# Can one get student health insurance with HIV?



## EuroPhile4986

Hi,

I am a 25 year old American, and I am very interested in earning a masters degree in Europe, and quite a few of the program I'm looking at are in Germany. I've been planning on this for awhile, but I recently started dating someone who is HIV positive. He knows of my plans and is also interested in earning a graduate degree in Europe.

However, I'm obviously worried about whether he will be able to obtain sufficient health care coverage in Germany. I've read conflicting information about what students are entitled to. On some websites, I've read that all students can enroll in the public health insurance program, but on others, I've read that this is very basic and students are advised to supplement it with a private plan.

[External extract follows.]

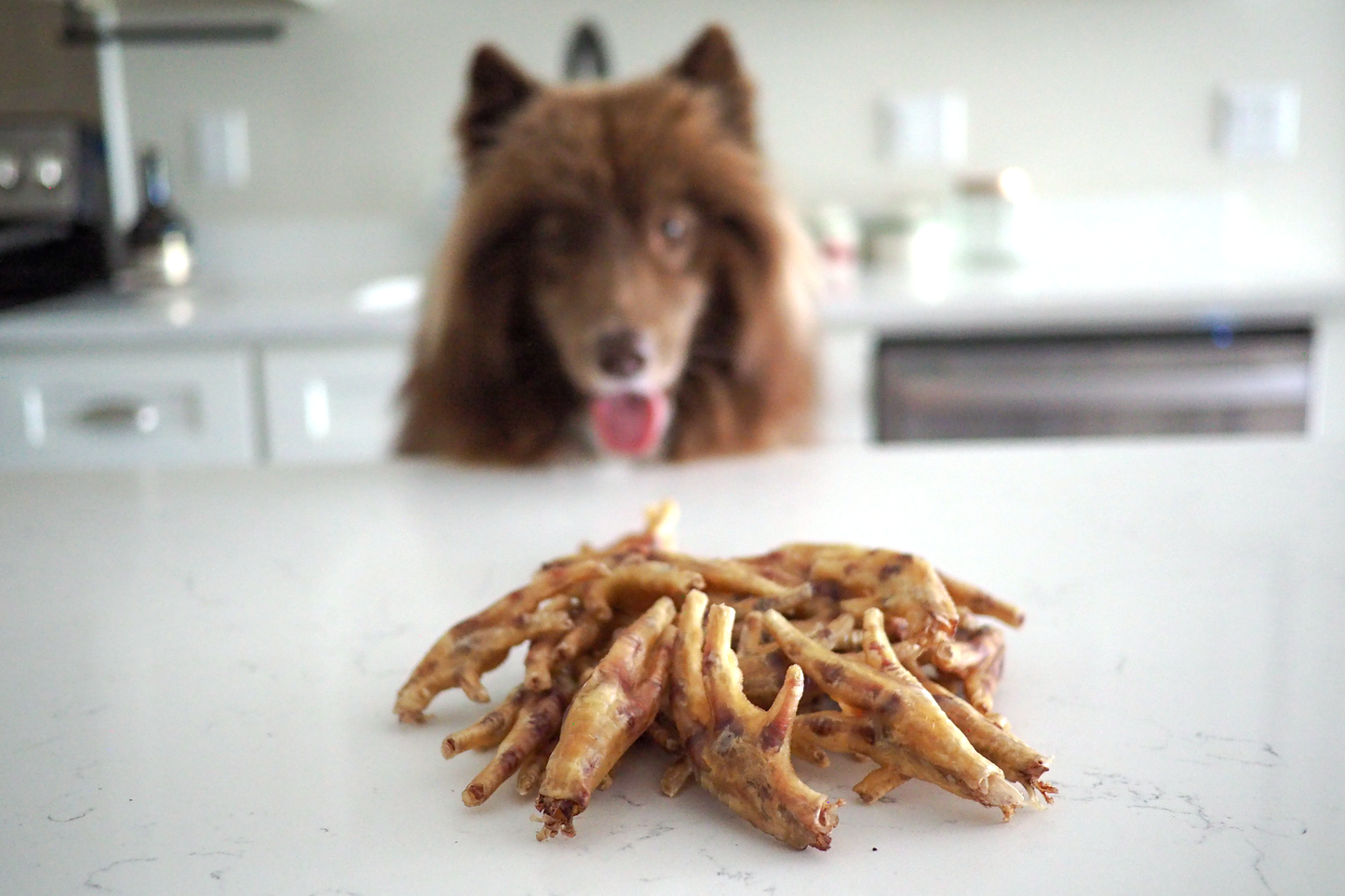 Dehydrated Chicken Feet for Dogs & Cats - Natural Chews, Healthy Treats, High Protein Snack, Grain-Free Pet Food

Then, of course, I've read that anyone with a pre-existing condition is likely to be denied coverage in Germany. 

He's of course willing to pay a higher premium, and it's not like he'd be looking to simply get to Europe to take care of a perceived "free health care" system. He has already lived abroad in Africa and is even fluent in French, so on paper, he would seem to be a productive citizen who could contribute to Germany, especially because we're both warm to the idea of staying on and working in Germany afterwards with our advanced degrees. 

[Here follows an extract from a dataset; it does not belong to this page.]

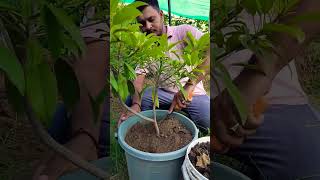 chikku Fruits 🍇 fruit farming gardening garden shortpants shorts viralvideo nature farmer [upl. by Asiilanna261]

So, if anyone has any experience with this issue in Germany (or pre-existing conditions in general), I'd appreciate any and all advice! 

Thanks so much


----------



## MrTweek

> I've read that this is very basic and students are advised to supplement it with a private plan.


I am not sure what "very basic" is supposed to mean, but in the 27 years that I lived in Germany I never ever saw or paid a doctors bill, so I would say it is not too bad.
Not sure what kind of treatment he needs, but it is most likely covered with the public insurance.

Advising students to get a private plans sounds weird to me, since this is very unusual for students (unless they have rich parents). This might be different for foreigners, but as a German you need to have a certain income to even be eligible for private health insurance.


----------



## AgentJellyBean

As your partner has HIV tested positive before applying for any insurance (from your post, I assume he is not currently covered and is paying all treatments himself), it is categorised as a pre-existing condition. In general, it's very likely for any insurer to exclude AIDS/HIV treatments of your partner, or even reject his application. 
Even if he is tested positive after joining a plan, it must be proved that the test is done after the waiting period before he can file any claims re HIV.


----------



## ALKB

EuroPhile4986 said:


> Hi,
> 
> I am a 25 year old American, and I am very interested in earning a masters degree in Europe, and quite a few of the program I'm looking at are in Germany. I've been planning on this for awhile, but I recently started dating someone who is HIV positive. He knows of my plans and is also interested in earning a graduate degree in Europe.
> 
> However, I'm obviously worried about whether he will be able to obtain sufficient health care coverage in Germany. I've read conflicting information about what students are entitled to. On some websites, I've read that all students can enroll in the public health insurance program, but on others, I've read that this is very basic and students are advised to supplement it with a private plan. Then, of course, I've read that anyone with a pre-existing condition is likely to be denied coverage in Germany.
> 
> He's of course willing to pay a higher premium, and it's not like he'd be looking to simply get to Europe to take care of a perceived "free health care" system. He has already lived abroad in Africa and is even fluent in French, so on paper, he would seem to be a productive citizen who could contribute to Germany, especially because we're both warm to the idea of staying on and working in Germany afterwards with our advanced degrees.
> 
> So, if anyone has any experience with this issue in Germany (or pre-existing conditions in general), I'd appreciate any and all advice!
> 
> Thanks so much



The public insurance companies do not usually ask any health questions at all when you apply. I think they cost around €55/month for students, same for international students.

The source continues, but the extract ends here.